Investors also reacted negatively to the equity dilution for Citi's existing shareholders, which may be as much as 75% if all holders of preferred shares agree to accept the exchange offer. By the end of Friday's trading session, Citi's share price had slumped another 39% to $1.50 -- a 97% decline from its adjusted high of $51.01 in 2006.
The selling pressure affected other banks too, as the deal added to concerns that other US banks may also opt to exchange their preferred shares for common equity.
Analysts at Goldman Sachs said the Citi announcement highlights the cost of government ownership through forced dilution; sale of core assets in order to generate more loss-absorbing capital; directed lending; dividend restrictions, etcetera.
"Government owned banks trade at a 50% discount in the UK, India and Brazil and we expect a similar theme in the US," the analysts, led by Richard Ramsden, said in a note published Friday. "We would avoid the shares as it is unclear whether this is the last round of capital restructuring, which means that existing equity may be further diluted in the future."
Citi said the government will exchange $25 billion of its $52 billion of preferred shares in the bank ($7 billion of which was received as a fee for guaranteeing up to $306 billion of real estate assets) to common equity at a price of $3.25 per share. The bank is also offering to exchange $27.5 billion of existing preferred securities and trust preferred securities held by other parties at the same price. The Government of Singapore Investment Corp (GIC), HRH Prince Alwaleed Bin Talal, Capital Research Global Investors, Capital World Investors and other investors have already said they will participate in the exchange.
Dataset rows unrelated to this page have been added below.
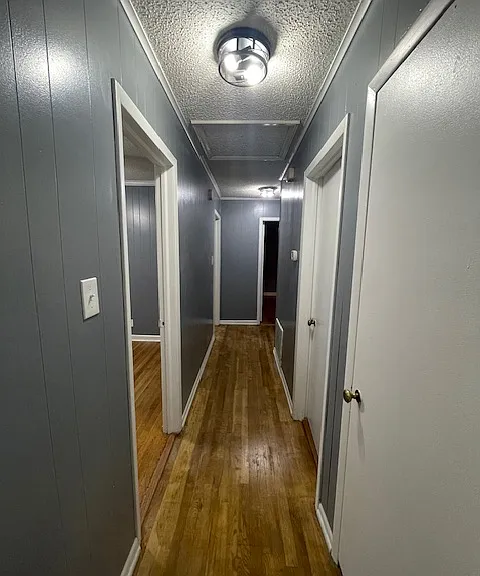 704 Lynnwood Dr — Photo 9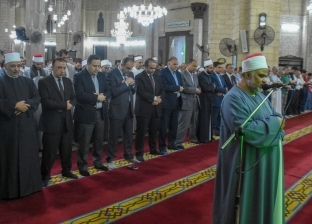 محافظ الإسكندرية يشهد احتفال ليلة القدر في مسجد أبي العباس المرسي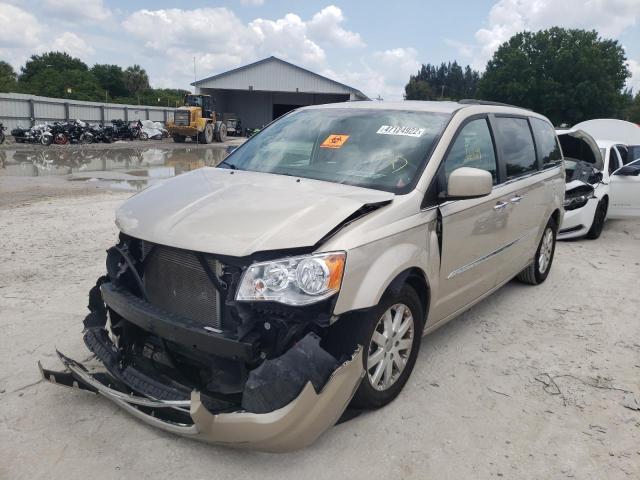 Photo 2 from auction – 2015 CHRYSLER TOWN & COU with VIN 2C4RC1BG2FR753719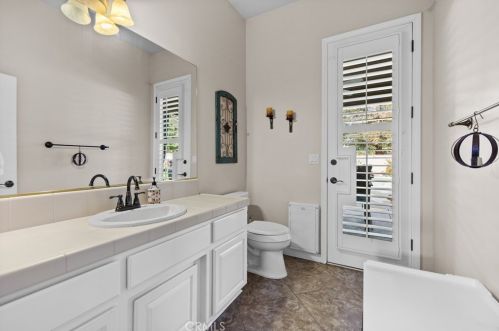 10504 Chesterfield Ct, Bakersfield CA 93311-3722 exterior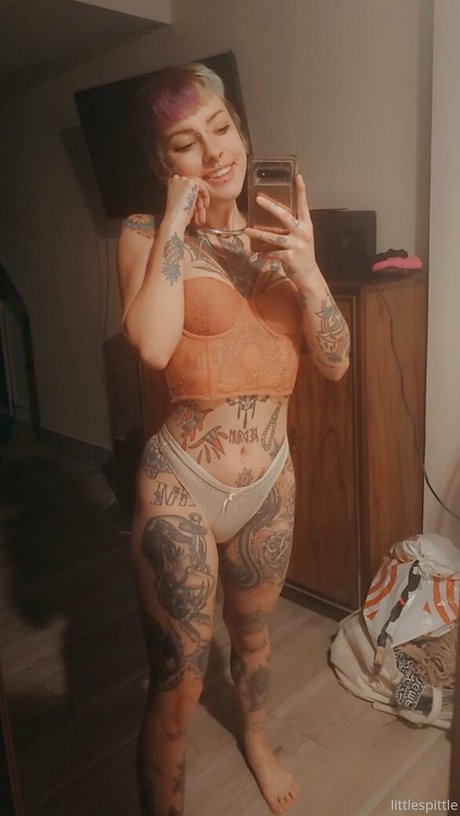 littlespittle beautiful pornstar pic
While the $3.25 price at which the investors can exchange the preferred shares into common shares isn't exactly a bargain -- it represents a premium of 32% versus the close on Thursday and more than double the closing price on Friday after the exchange announcement -- the exchange offer is basically structured to make it even more unfavourable to keep the preferred shares. Other holders are therefore expected to follow suit.
Notably, Citi said it will suspend dividends on its preferred shares, removing one of the key attractions of holding these instruments. The bank will, however, make an exception for the government, which will continue to receive an 8% annual income on its remaining preferred shares by exchanging them into new trust preferred securities that will carry an annual coupon of 8%. Citi will also suspend dividends on its common shares, although this will have only a minor impact since the bank had already agreed to limit its quarterly dividends at no more than a penny per share for the next three years -- unless the government approves an increase.
If all non-government holders of preferred shares agree to exchange their holdings into common equity, they will end up with a combined 38% stake in the company. The government will hold 36%, while the existing shareholders will own 26%. (The earnings-per-share dilution will be less than the 74% implied by the new ownership structure because of the elimination of preferred dividend payments with analysts at Goldman Sachs estimating that normalised earnings power will fall by about 50%.)
A full conversion of the preferred shares will boost Citi's tangible common equity (TCE) to about $81 billion from $29.7 billion in the fourth quarter 2008, while analysts estimate that its tangible book value per share will decline by up to 30% to $3.75-$3.85 from $5.30-$5.40. The tier-1 capital ratio, which stood at 11.9% as of the end of December, will not be affected.
Since the issuance of new shares to complete the exchange requires the approval of existing shareholders, the preferred shares will first be exchanged into interim securities with warrants, which will convert into common shares once such an approval has been obtained. If the share issue isn't approved, then the holders can use the warrants to buy common Citi shares at $0.01 apiece. In the meantime, the interim securities will pay a 9% dividend that will increase quarterly up to a maximum of 19%.